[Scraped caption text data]
****
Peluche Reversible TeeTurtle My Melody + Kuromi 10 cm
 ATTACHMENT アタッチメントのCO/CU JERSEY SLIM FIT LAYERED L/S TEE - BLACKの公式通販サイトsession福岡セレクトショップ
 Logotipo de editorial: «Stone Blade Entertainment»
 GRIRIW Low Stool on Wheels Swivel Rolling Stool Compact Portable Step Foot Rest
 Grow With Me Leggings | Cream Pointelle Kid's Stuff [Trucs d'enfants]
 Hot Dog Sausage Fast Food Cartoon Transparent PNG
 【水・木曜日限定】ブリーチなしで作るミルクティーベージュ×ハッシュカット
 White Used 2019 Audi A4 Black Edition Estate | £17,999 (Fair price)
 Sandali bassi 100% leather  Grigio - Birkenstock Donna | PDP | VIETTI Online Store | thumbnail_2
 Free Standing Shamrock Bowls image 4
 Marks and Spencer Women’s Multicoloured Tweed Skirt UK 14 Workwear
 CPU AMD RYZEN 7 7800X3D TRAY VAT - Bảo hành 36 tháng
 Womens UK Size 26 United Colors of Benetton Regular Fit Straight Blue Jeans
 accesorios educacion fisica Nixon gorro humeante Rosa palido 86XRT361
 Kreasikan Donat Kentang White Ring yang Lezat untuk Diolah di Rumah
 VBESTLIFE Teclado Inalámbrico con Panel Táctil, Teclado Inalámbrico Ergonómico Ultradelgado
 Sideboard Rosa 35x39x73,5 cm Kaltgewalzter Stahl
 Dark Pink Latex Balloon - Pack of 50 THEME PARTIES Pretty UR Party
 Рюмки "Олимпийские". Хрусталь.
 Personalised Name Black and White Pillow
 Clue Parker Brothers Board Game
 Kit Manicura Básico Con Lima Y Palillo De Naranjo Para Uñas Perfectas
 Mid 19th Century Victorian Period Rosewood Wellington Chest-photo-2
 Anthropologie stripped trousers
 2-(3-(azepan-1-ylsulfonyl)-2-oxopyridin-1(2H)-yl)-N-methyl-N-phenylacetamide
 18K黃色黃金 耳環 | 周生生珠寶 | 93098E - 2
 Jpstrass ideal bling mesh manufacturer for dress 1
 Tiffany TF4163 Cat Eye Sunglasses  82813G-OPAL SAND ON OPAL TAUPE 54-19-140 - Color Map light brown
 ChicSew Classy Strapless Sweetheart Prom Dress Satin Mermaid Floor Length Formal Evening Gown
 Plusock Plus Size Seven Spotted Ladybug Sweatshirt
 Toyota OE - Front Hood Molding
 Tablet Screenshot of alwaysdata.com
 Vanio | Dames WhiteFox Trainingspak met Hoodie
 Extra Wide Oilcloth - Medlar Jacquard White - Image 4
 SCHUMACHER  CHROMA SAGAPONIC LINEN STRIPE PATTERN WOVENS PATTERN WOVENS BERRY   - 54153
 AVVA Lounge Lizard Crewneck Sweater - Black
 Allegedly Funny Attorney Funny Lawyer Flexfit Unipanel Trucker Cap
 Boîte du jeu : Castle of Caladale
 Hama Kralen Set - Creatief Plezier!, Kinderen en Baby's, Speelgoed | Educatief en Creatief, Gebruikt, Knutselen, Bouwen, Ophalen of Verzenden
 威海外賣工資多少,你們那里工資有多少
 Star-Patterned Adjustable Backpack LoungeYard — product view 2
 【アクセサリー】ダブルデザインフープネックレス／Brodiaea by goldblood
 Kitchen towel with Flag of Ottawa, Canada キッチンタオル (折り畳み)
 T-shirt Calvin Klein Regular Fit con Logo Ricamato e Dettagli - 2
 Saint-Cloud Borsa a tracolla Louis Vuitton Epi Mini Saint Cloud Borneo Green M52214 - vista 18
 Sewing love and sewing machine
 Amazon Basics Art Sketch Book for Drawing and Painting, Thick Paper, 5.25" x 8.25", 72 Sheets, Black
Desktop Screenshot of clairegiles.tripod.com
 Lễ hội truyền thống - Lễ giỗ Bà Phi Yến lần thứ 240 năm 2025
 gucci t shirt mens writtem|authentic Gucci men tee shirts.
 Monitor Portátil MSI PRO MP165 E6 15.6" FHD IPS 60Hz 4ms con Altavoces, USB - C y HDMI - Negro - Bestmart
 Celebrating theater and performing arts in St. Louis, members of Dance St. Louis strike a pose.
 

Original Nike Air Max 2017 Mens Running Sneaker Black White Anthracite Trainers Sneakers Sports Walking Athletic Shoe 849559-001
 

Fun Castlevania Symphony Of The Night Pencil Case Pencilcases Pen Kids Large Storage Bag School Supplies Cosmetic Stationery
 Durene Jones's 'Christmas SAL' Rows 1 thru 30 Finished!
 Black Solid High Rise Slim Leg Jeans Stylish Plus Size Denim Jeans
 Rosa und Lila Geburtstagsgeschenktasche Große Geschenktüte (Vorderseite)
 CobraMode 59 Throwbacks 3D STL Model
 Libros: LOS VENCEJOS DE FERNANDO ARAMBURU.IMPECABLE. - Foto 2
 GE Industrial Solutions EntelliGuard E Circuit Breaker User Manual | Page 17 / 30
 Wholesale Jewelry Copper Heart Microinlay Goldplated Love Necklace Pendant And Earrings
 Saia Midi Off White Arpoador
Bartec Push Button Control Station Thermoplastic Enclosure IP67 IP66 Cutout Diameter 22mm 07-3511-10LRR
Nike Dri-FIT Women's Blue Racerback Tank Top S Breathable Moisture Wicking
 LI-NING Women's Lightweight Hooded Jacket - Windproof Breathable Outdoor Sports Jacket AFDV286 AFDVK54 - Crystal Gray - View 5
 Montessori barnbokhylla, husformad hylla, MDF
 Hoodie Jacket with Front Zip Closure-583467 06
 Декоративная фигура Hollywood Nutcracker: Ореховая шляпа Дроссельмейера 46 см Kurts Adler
****
→ Task goal
Respond with one number, namely the count of lines in the entries above that hold the word "Jacket".

→ Answer to this task
2